▶ **How to complete this task**: The listing is to be repeated exactly, and its pictures are to be left out.

▶ **Provided data**:
Content starts

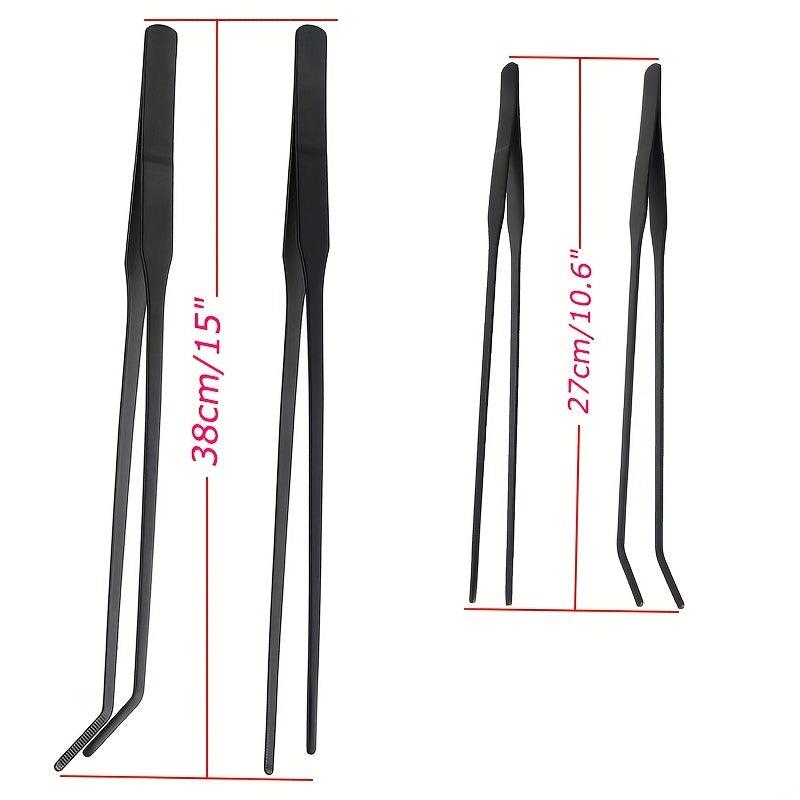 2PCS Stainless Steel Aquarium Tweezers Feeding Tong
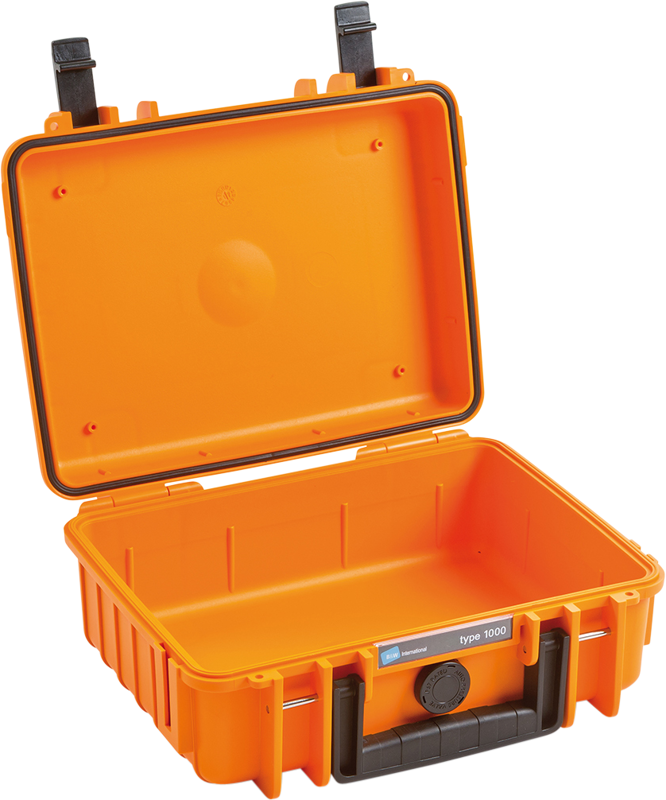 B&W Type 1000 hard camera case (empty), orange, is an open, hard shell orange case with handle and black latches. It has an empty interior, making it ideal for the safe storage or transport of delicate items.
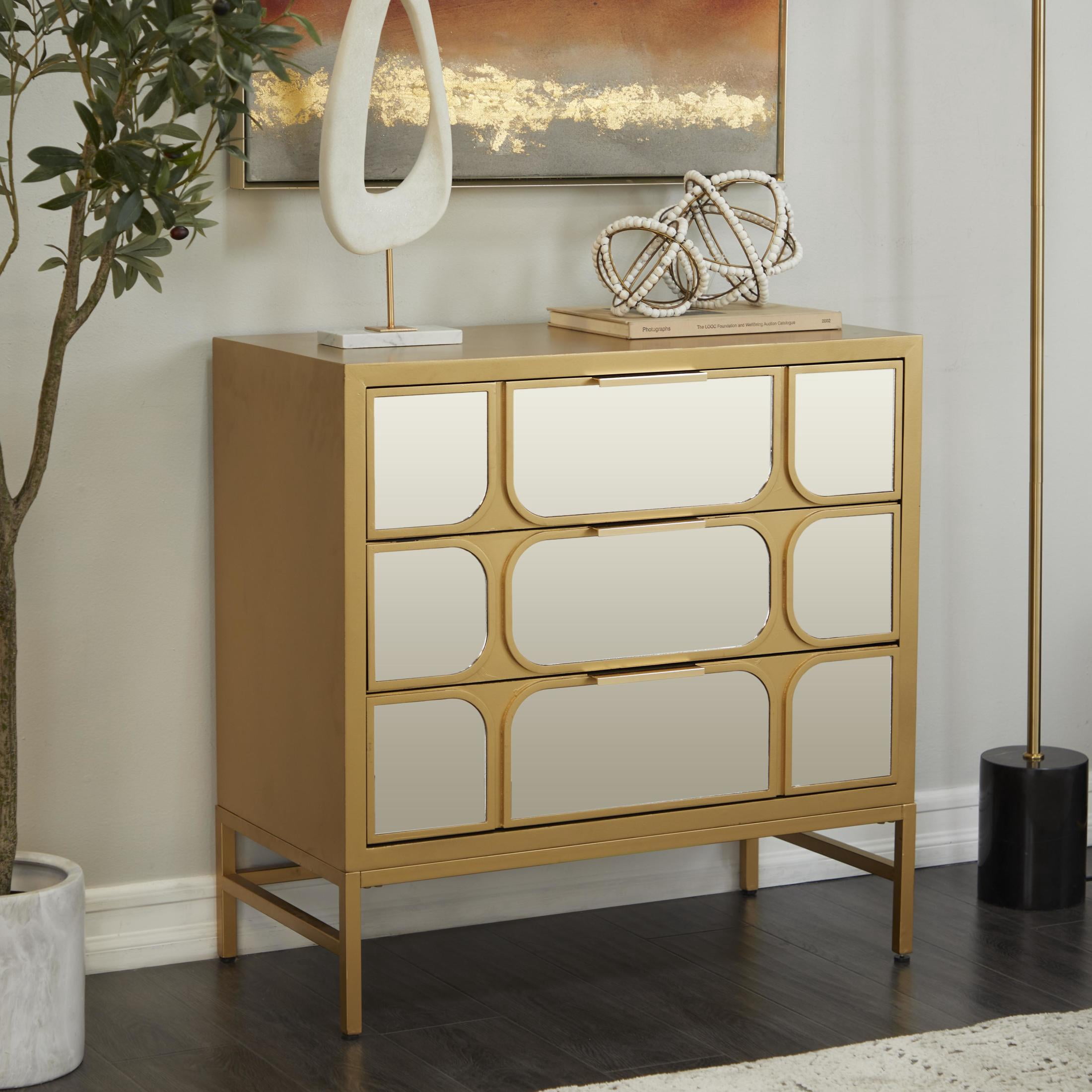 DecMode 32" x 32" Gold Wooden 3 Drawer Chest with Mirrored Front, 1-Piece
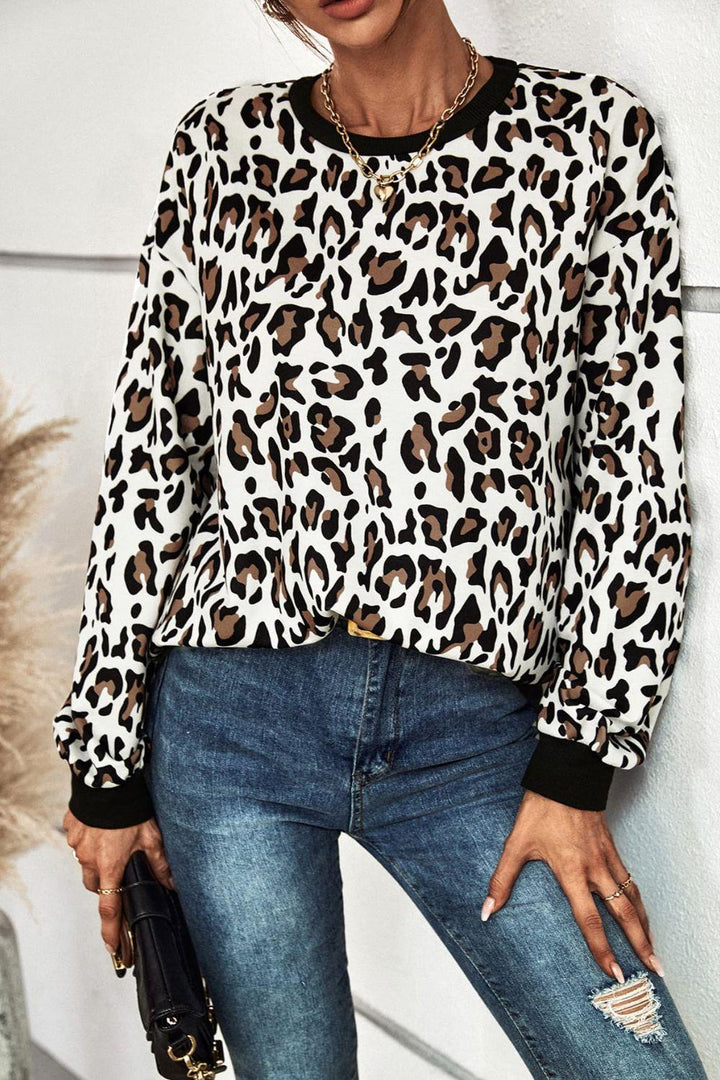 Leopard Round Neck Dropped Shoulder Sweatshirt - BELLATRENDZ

Content ends

▶ **Exercise output**:
 2PCS Stainless Steel Aquarium Tweezers Feeding Tong
 B&W Type 1000 hard camera case (empty), orange, is an open, hard shell orange case with handle and black latches. It has an empty interior, making it ideal for the safe storage or transport of delicate items.
 DecMode 32" x 32" Gold Wooden 3 Drawer Chest with Mirrored Front, 1-Piece
 Leopard Round Neck Dropped Shoulder Sweatshirt - BELLATRENDZ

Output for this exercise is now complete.